> _Work instructions_: Below, find the line containing "Новое модное французское"; from there to the final line, print every line exactly and skip the pictures.

> _Extracted records_:

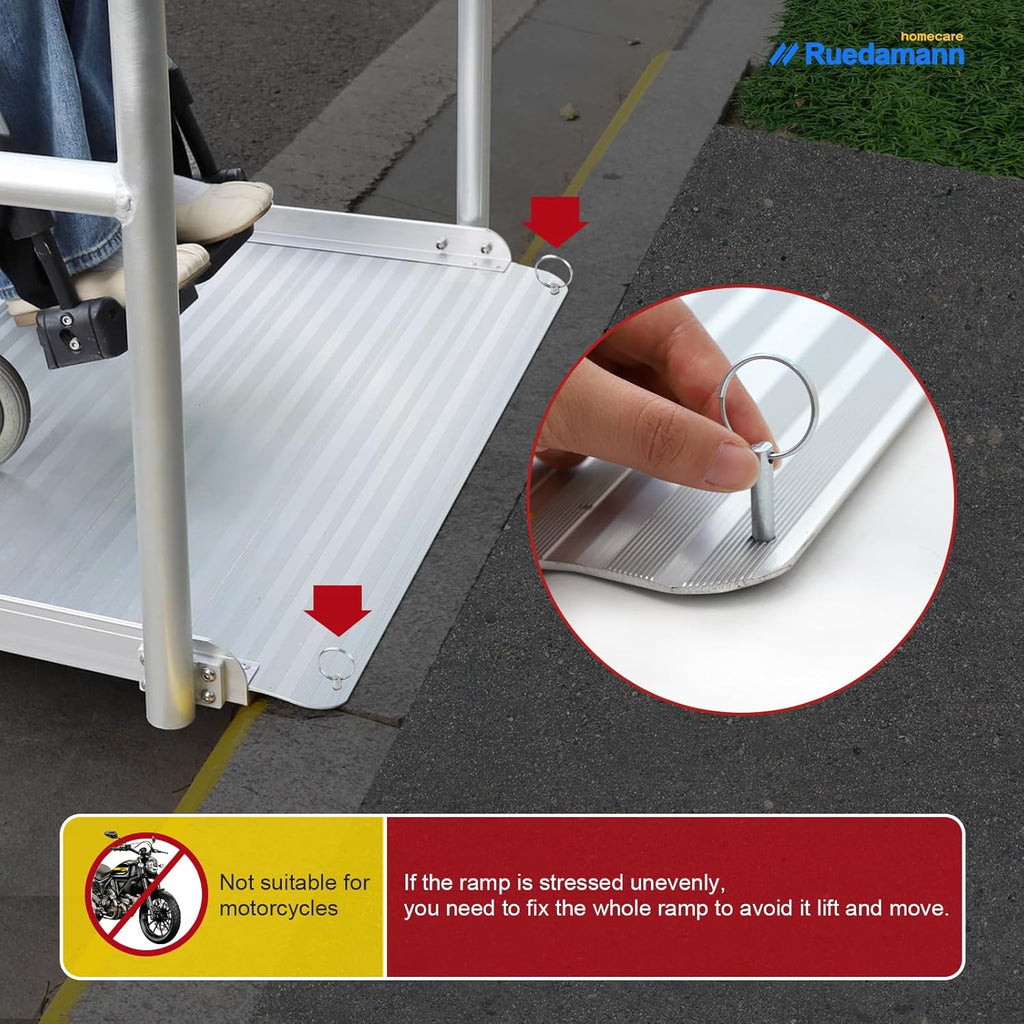 Aluminum Wheelchair Ramp with Handrails, 600 Lbs Capacity, Non-Slip U3504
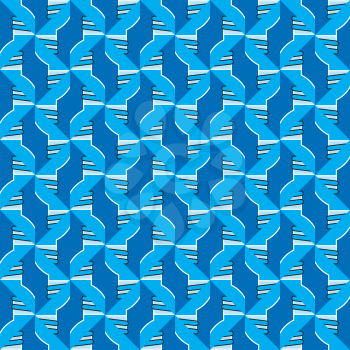 Vector seamless pattern texture background with geometric shapes, colored in blue, white and black colors.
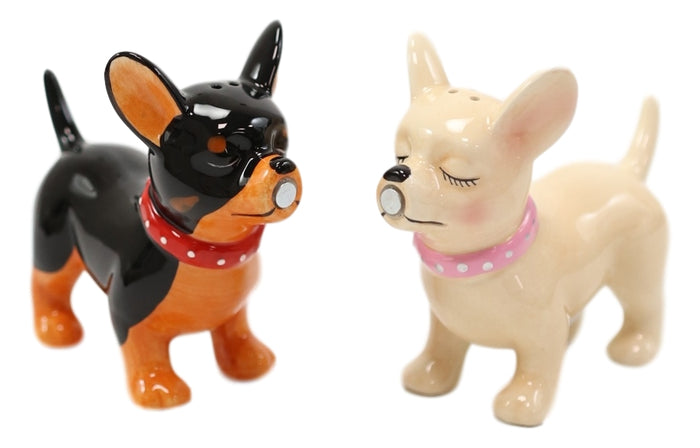 Ebros Gift Kissing Chihuahua Couple Puppy Dogs Magnetic Ceramic Salt And Pepper Shakers Set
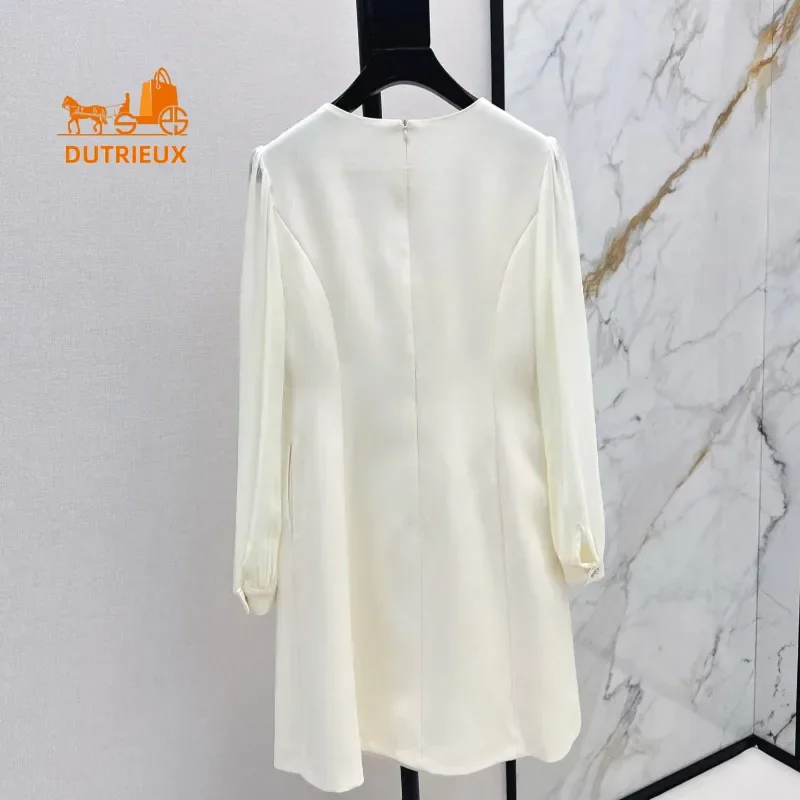 Новое модное французское элегантное женское черное платье летнее шелковое белое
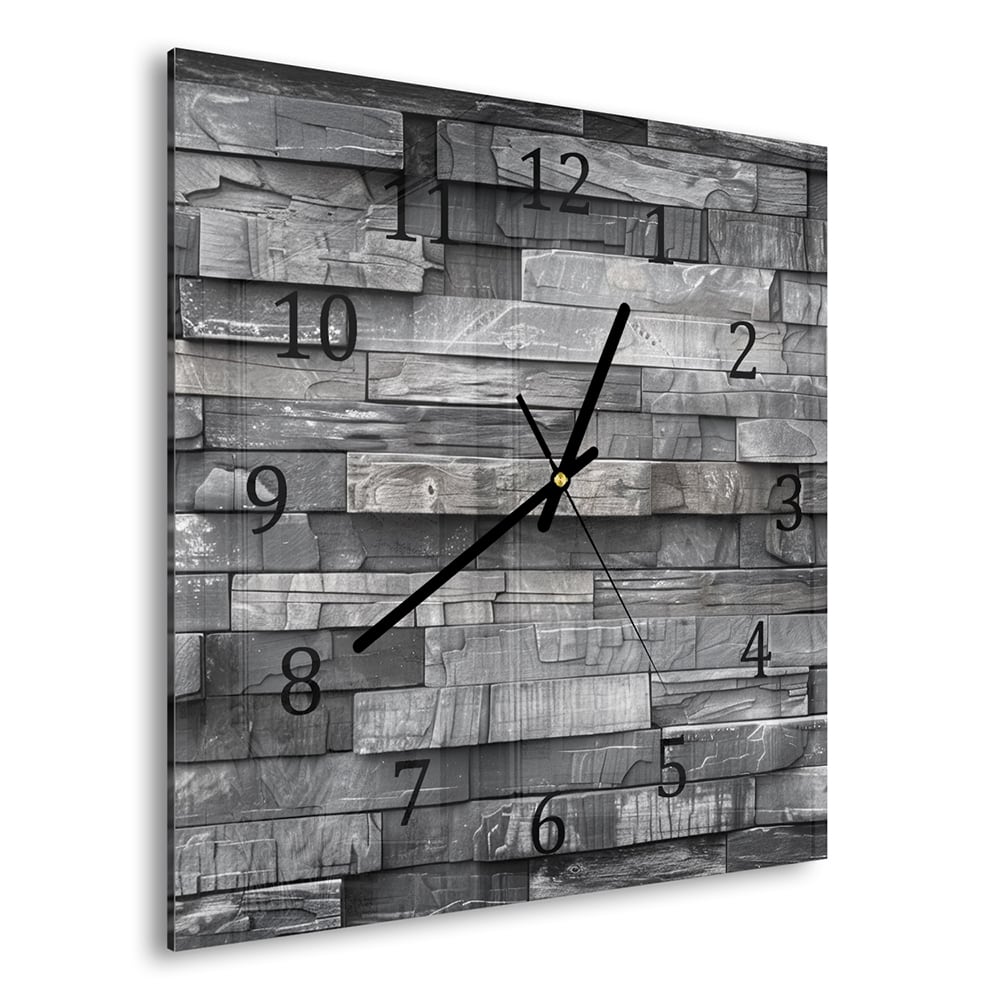 Wanduhr 30x30 - Schwarze Steinmauer in Schwarz-Weiß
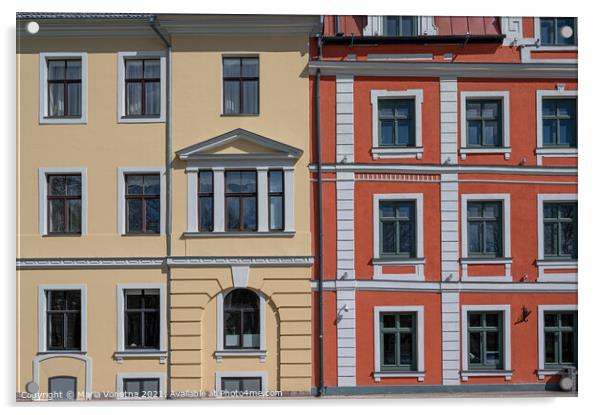 Colorful facade with yellow and red of historic buildings Acrylic by Maria Vonotna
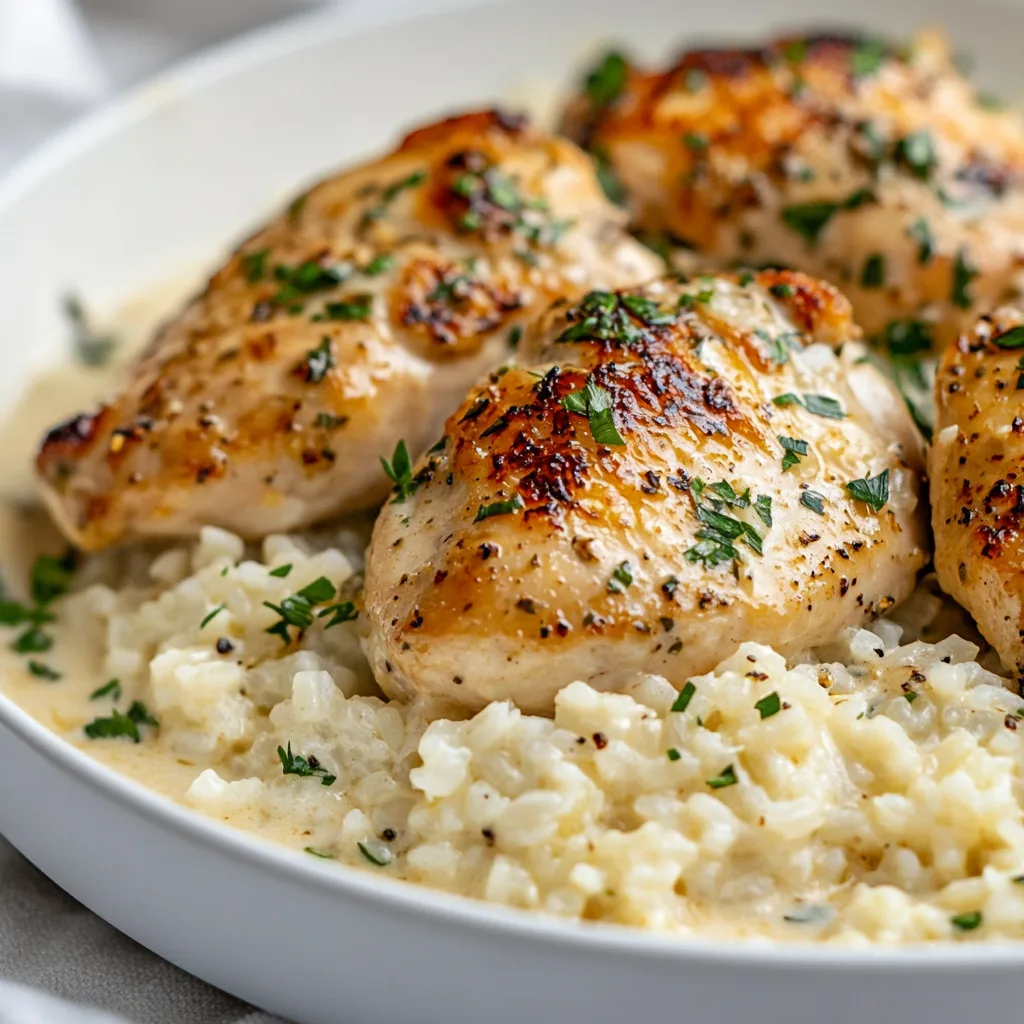 One-Pan Creamy Garlic Butter Chicken & Rice – Irresistibly Easy!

> _Reply to the task_:
 Новое модное французское элегантное женское черное платье летнее шелковое белое
 Wanduhr 30x30 - Schwarze Steinmauer in Schwarz-Weiß
 Colorful facade with yellow and red of historic buildings Acrylic by Maria Vonotna
 One-Pan Creamy Garlic Butter Chicken & Rice – Irresistibly Easy!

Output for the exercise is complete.